Evaluation is key to measuring the progress and success of the African Union's Agenda 2063 and ensuring that learning from evidence improves development results, and the level of participation in this year's event reflected that importance.
More than 450 evaluators, development practitioners, policy-makers, government and civil society representatives, parliamentarians, academics and students attended the 5-7 September event at the Bank' s headquarters in Abidjan held on the theme of "Strengthening Development Impact". Development Evaluation Week, which this year included a capacity building workshop, a knowledge café, keynotes and interactive panel discussions, is a biennial global knowledge event organized by the Bank's Independent Development Evaluation (IDEV).
"One of the primary reasons why recommendations from evaluations are not adopted is that the beneficiaries and end users of these evaluations are not consulted in the process," noted Girma Kumbi, Principal Evaluation Officer at IDEV, at the closing of the conference.
Foday Turay, Chief Evaluation Officer at IDEV, had set the tone for the conference on the opening day.
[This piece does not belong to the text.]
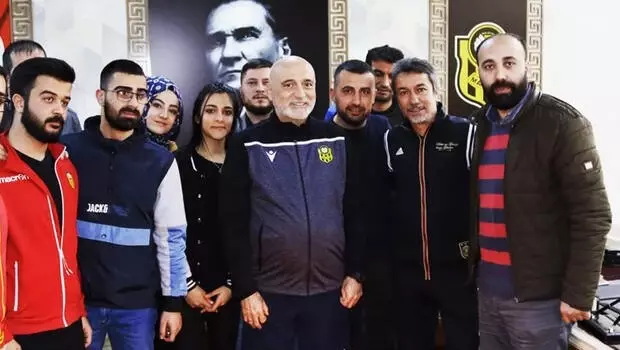 Malatya'da Hikmet Karaman'a sürpriz doğum günü Malatya'da Hikmet Karaman'a sürpriz doğum günü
"This Evaluation Week is about the learning objective of evaluation in achieving greater development outcomes," Turay told 65 participants gathered in the Knowledge Café to share ideas and experiences on how evaluations can have greater impact in Bank operations.
The Knowledge Café focused on the key question of improving stakeholder engagement within the evaluation process. Another group of 77 evaluators and experts met in a capacity-building workshop to discuss improving the understanding of gender in evaluation. Specifically they brainstormed on raising awareness on the need to generate and use sex-disaggregated indicators in measuring development impacts as they affect women and men as separate groups.
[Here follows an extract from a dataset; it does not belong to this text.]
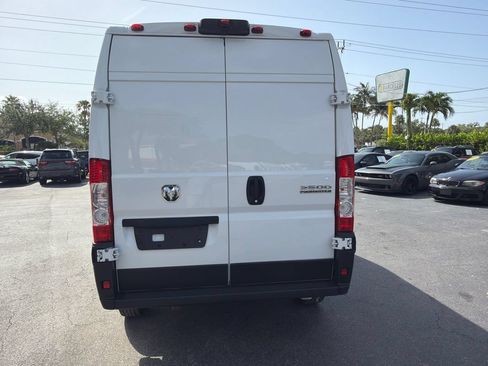 Used 2023 RAM ProMaster 3500 FWD image 4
The workshop included presentations by Elena Bardasi, Senior Economist, and Gisela M. García, Evaluation Officer of the World Bank Independent Evaluation Group (IEG) and Monica Lomena-Gelis, Principal Evaluation Officer of IDEV.
"Operational staff and evaluators should work together to ensure that the right indicators are included in project design to be able to capture gender-relevant results at closing," Garcia told the meeting.
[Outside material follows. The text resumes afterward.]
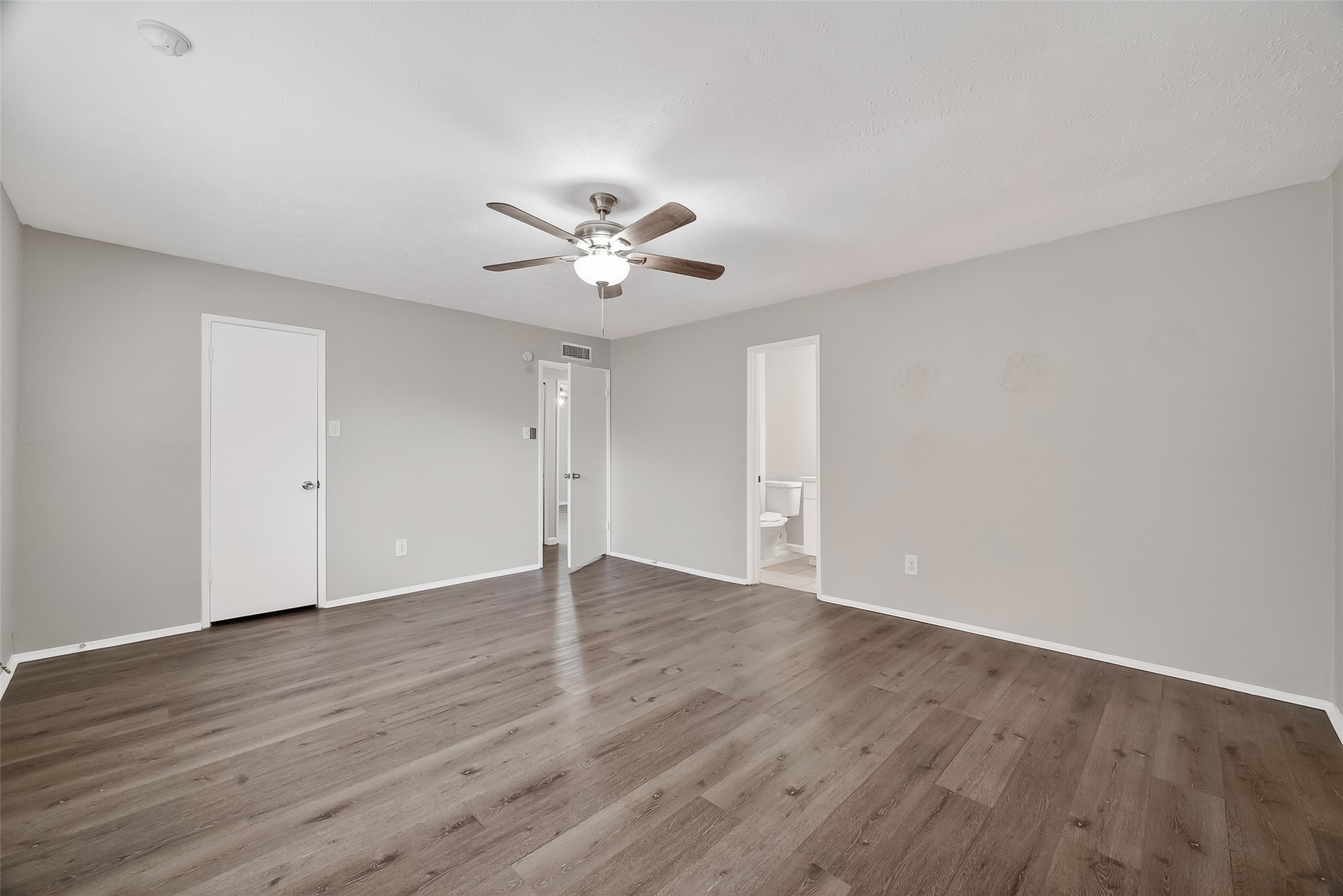14034 Lourdes Drive Houston, TX 77049 - Photo 19 of 31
Another key discussion session on Day 1 was on updating the evaluation criteria established by the Development Assistance Committee of the Organization for Economic Co-operation and Development in 1991. The participants were of the view that the world had changed a lot since then and agreed that the criteria need to be reviewed and updated, notably to align them with Sustainable Development Goals and Agenda 2063. Participants in particular discussed the need to refine the criteria of "relevance" and "impact" in evaluation.
In her keynote on Day 2, Hon. Nkosazana Dlamini-Zuma, Minister in the Presidency of South Africa for Planning, Monitoring and Evaluation told the audience that "Agenda 2063 is an approach on how the continent should effectively learn from the lessons of the past, [and] build on the progress now underway," adding that "The African Development Bank's Development Evaluation Week is a relevant forum to discuss how we are going to measure attainment of Agenda 2063 objectives"
Hon. Dlamini-Zuma's keynote was followed by a rich interaction among participants on Public-Private Partnerships (PPPs) for infrastructure development. PPPs are increasingly popular on the African continent where 30 countries enacted a PPP or concession law between 2004 and 2017. However, the session highlighted the need to meet certain conditions such as institutional frameworks and regulation, to ensure successful PPP projects.
Keynote speaker Caroline Heider, Director General and Senior Vice President of the Independent Evaluation Group (IEG), World Bank Group noted that "quality of the regulation network is needed to attract investment, particularly private sector investment".
The theme of achieving inclusion through agricultural value chains took center stage on the the third and final day of the conference. Wambui Gichuri, Director of the Water & Sanitation Department of the Bank told the audience in her Keynote that while the proportions of stunted children in Asia and Latin America had fallen between 2000 and 2016, Africa has seen a 17% rise. A key takeaway from the session was the need for partnerships between the private sector, governments and other development actors to ensure access to finance as well as deliberate and targeted efforts to ensure inclusivity along the whole agricultural value chain.
The final session of Evaluation Week 2018 focused on the need for partnerships to create a culture of evaluation on the one hand, and the capacity to carry out evaluations on the other. "For evaluation, there is a need to have well-chosen partnerships. We also need to involve civil society in the process," said Hon. Abbas Imbassou Ouattara, Member of Parliament of Côte d'Ivoire and Executive Committee member of the African Parliamentarians' Network on Development Evaluation.
Those who joined Evaluation Week 2018 learned that successful partnerships between governments, civil society, development partners, beneficiaries and other stakeholders are often complex and require actors to move outside their comfort zones to collaborate and create useful evaluations that can inform and help to strengthen development impact and help Africa to attain the goals of its Agenda 2063.